Pancasila sebagai sistem etika memiliki implikasi politis yang penting dalam
perilaku politik di Indonesia. Berikut ini adalah contoh perilaku politik yang
sesuai dan tidak sesuai dengan nilai-nilai Pancasila:
Kekuasaan Otoriter: Pada zaman Orde Lama, kekuasaan yang terpusat pada
pemerintahan dan kurangnya mekanisme checks and balances dapat menjadi
faktor penyebab penyimpangan terhadap Pancasila. Kekuasaan yang tidak
terkendali dan kurangnya transparansi bisa memungkinkan terjadinya
penyalahgunaan kekuasaan yang melanggar nilai-nilai Pancasila.

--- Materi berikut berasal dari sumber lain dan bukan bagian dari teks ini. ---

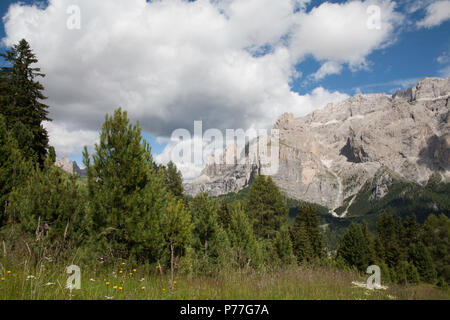 Cloud durch Campanili de Murfreit und Bindelturm T de Murfreitthe Sella Gruppe von Plan de Gralba Wolkenstein Gröden Dolomiten Italien Stockfoto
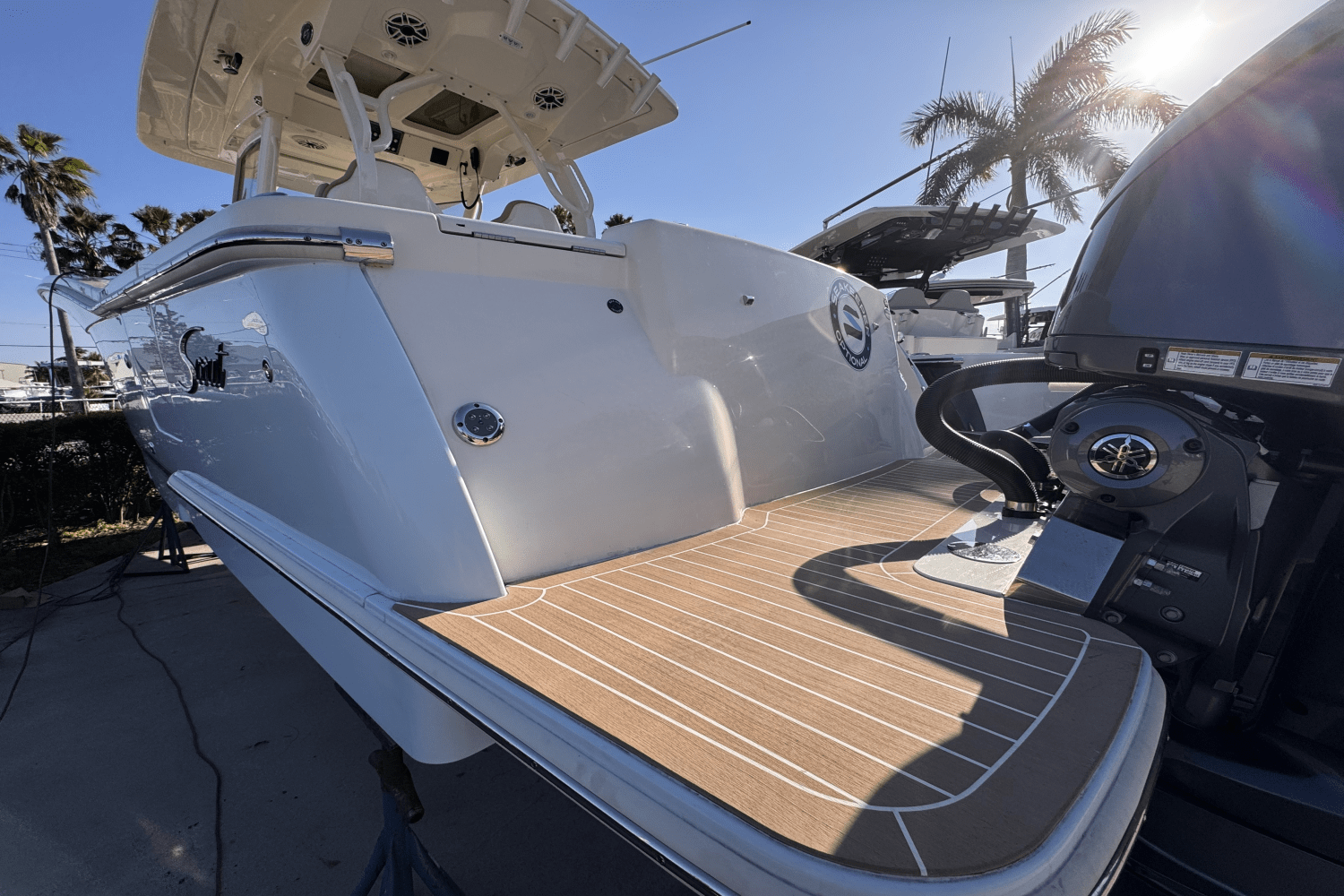 Slide: The Image of Scout 330 LXF 2024 - 7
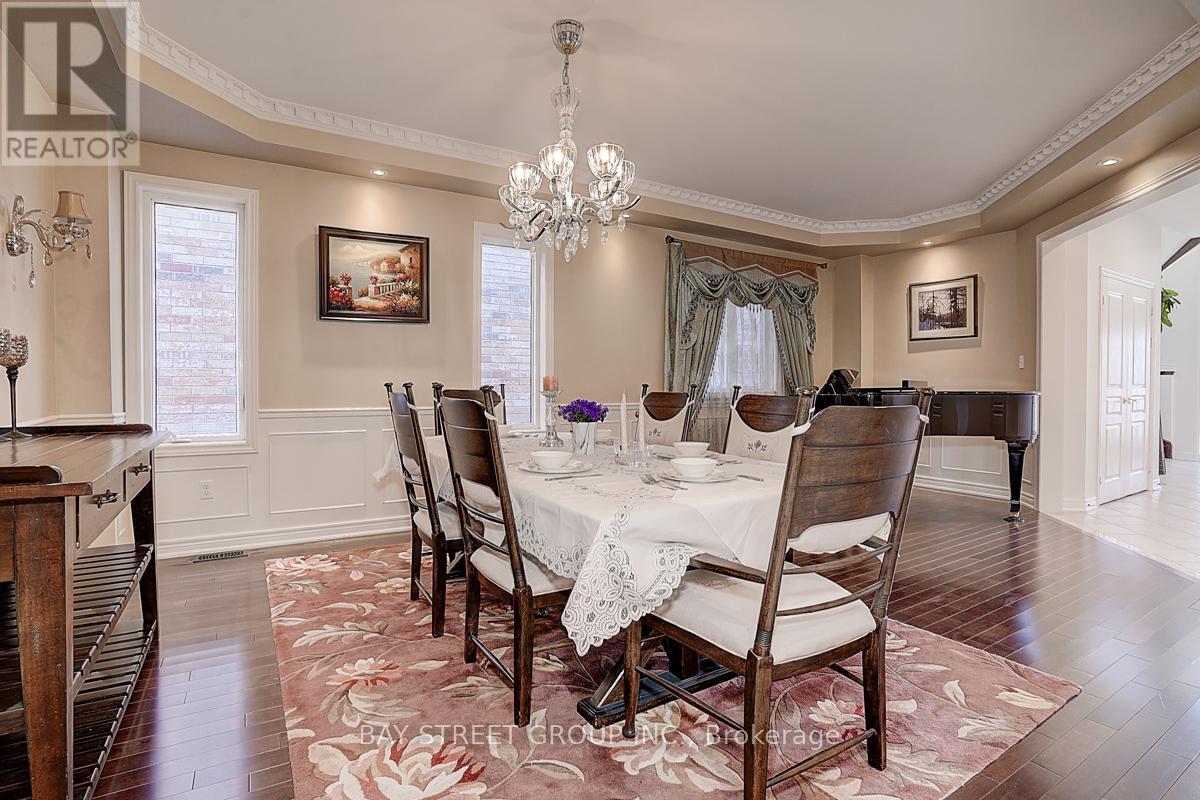 256 Borealis Avenue, Aurora, Ontario  L4G 7T6 - Photo 12 - N12169337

Ketidakjelasan Interpretasi: Pancasila masih dalam proses pengembangan dan
belum memiliki kerangka interpretasi yang jelas pada zaman Orde Lama. Hal ini
dapat menyebabkan penafsiran yang beragam dan kemungkinan terjadinya
penyimpangan dalam menerapkan nilai-nilai Pancasila.
Era Reformasi:
Politik Identitas dan Konflik: Perilaku politik yang didasarkan pada politik
identitas dan kelompok dapat melanggar nilai-nilai persatuan dan kerukunan
dalam Pancasila. Ketegangan antar kelompok, diskriminasi, dan konflik sosial bisa
terjadi sebagai penyimpangan dari semangat inklusif Pancasila.